California franchisers dodged a bullet late last month when the state’s high court issued a narrow 4-3 decision limiting the instances in which they could be named in suits brought by employees against a franchisee.

Had the court ruled the other way in the closely watched case, it could have turned the business of franchising on its head in California, said Bobby Williams, vice president of marketing for Torrance Japanese restaurant chain Yoshinoya America Inc., one of the largest Los Angeles County-headquartered franchise operators.

A contrary ruling could have forced franchisers to take full control over daily operations of their California franchisees, he said, and nearly every franchiser would refuse to enter new franchise agreements for fear they would potentially be liable for complaints brought against their franchisees.

“Why would you want to have a franchisee then?” Williams said. “I can say without any hesitation, there would be a chilling effect on store development.”

Nick Andrisano, who took a slice of the L.A. pizza market 30 years ago when he opened his Ameci Pizza & Pasta restaurant and now has 36 franchise agreements with operators from Manhattan Beach to the San Fernando Valley, said that his agreements make clear that his Canoga Park-based business is not liable for the actions of the franchisee.

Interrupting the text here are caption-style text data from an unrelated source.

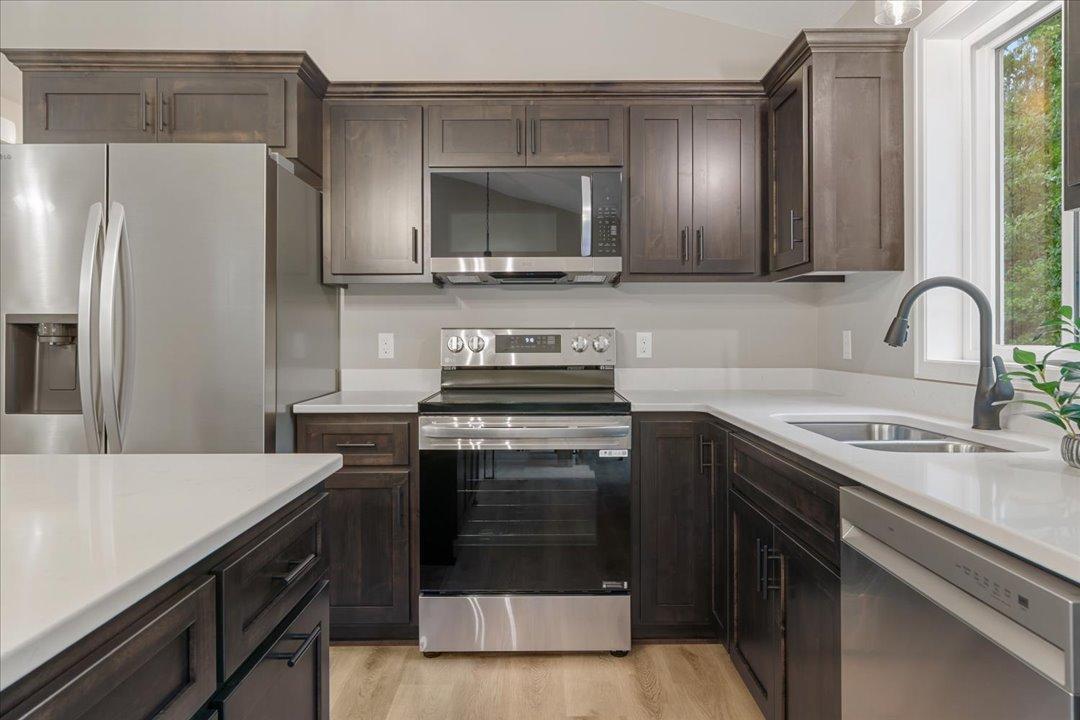 2026 single family home for sale at 31464 Green Scene Drive in Breezy Point, MN — 2 bed, 2 bath (photo 10 of 25)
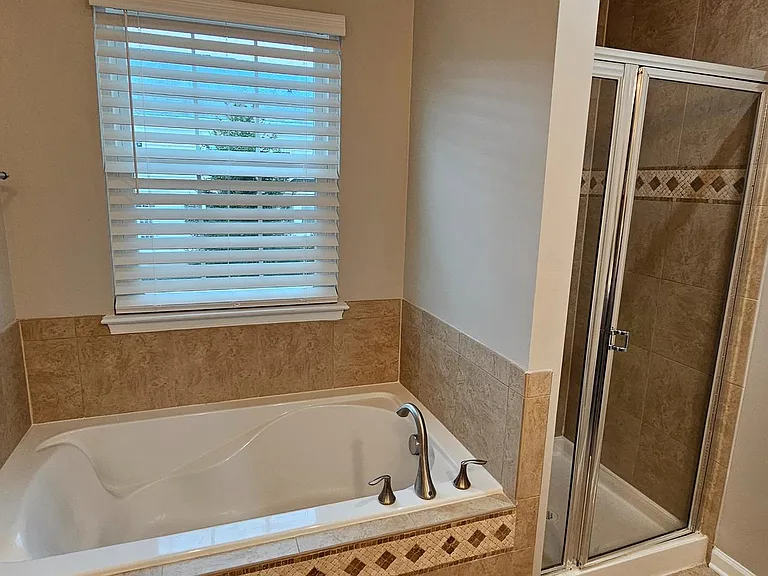 311 Prestwick Ln — Photo 7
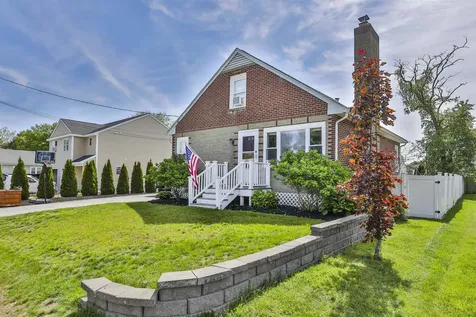 41 Larch Street Goffstown NH 03045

“If an employee of a franchisee hurts somebody in a driving accident, I don’t know how a franchiser could be held responsible,” Andrisano said. “The franchisee is responsible.”

While it might seem like an obvious decision to L.A. franchisers, the California Supreme Court’s ruling did not come easily or without a five-year legal battle.


Split decision

The case began in June 2009, when Taylor Patterson, a former Domino’s Pizza franchise employee in Southern California, accused her former manager of sexual harassment. She filed a complaint against the supervisor as well as the Domino’s franchisee and franchiser.

The giant pizza chain immediately opposed the claim, saying a franchiser should not be held liable for the actions of employees working for its franchisee because it runs a separate business and isn’t responsible for the day-to-day operations of its franchisees.

The trial court sided with Domino’s, while an appellate court ruled in favor of Patterson. Domino’s then hired Mary-Christine Sungaila, an appellate partner in the downtown L.A. office of Snell & Wilmer, to represent the chain at the state Supreme Court in its June hearing of the case.

On Aug. 28, the court found in favor of franchisers, its narrow ruling confirming franchisers are not to automatically be held liable for the actions of its franchisees’ employees. The decision also established a more specific test to determine if a franchiser could be held liable in other disputes. Put simply, Sungaila said, whoever is in charge of running day-to-day operations is responsible.

“That’s a pretty important standard to be clarified in the state of California, which has quite a few franchise businesses,” she said.

Franchisers remain exposed to such suits if they retain any level of control over some duties, including hiring and firing employees.

Attorney Anthony Oncidi, a partner in Proskauer’s L.A. office who was not directly involved in the case, said “franchisers should breathe a sigh of relief,” but also sounded a note of caution.

He said franchisers should take note of how close Domino’s came to facing trial.

“No parent company or entity or franchiser should think that the Domino’s case represents a get-out-of-jail-free card. In fact, it’s the contrary to that,” he said. “If they are directly involved with employment decisions of their franchisees, the franchiser could be found to be an employer as well.”

In addition, the court’s decision likely won’t put a stop to future litigation against franchisers. Oncidi predicts that disgruntled employees and their counsel will likely be armed with strong arguments about how their case is different from the Domino’s litigation.

“It’s a very common occurrence for plaintiffs in these types of cases to be extremely aggressive in who they name as defendants,” he said. “They include as many potentially deep pockets as they can.”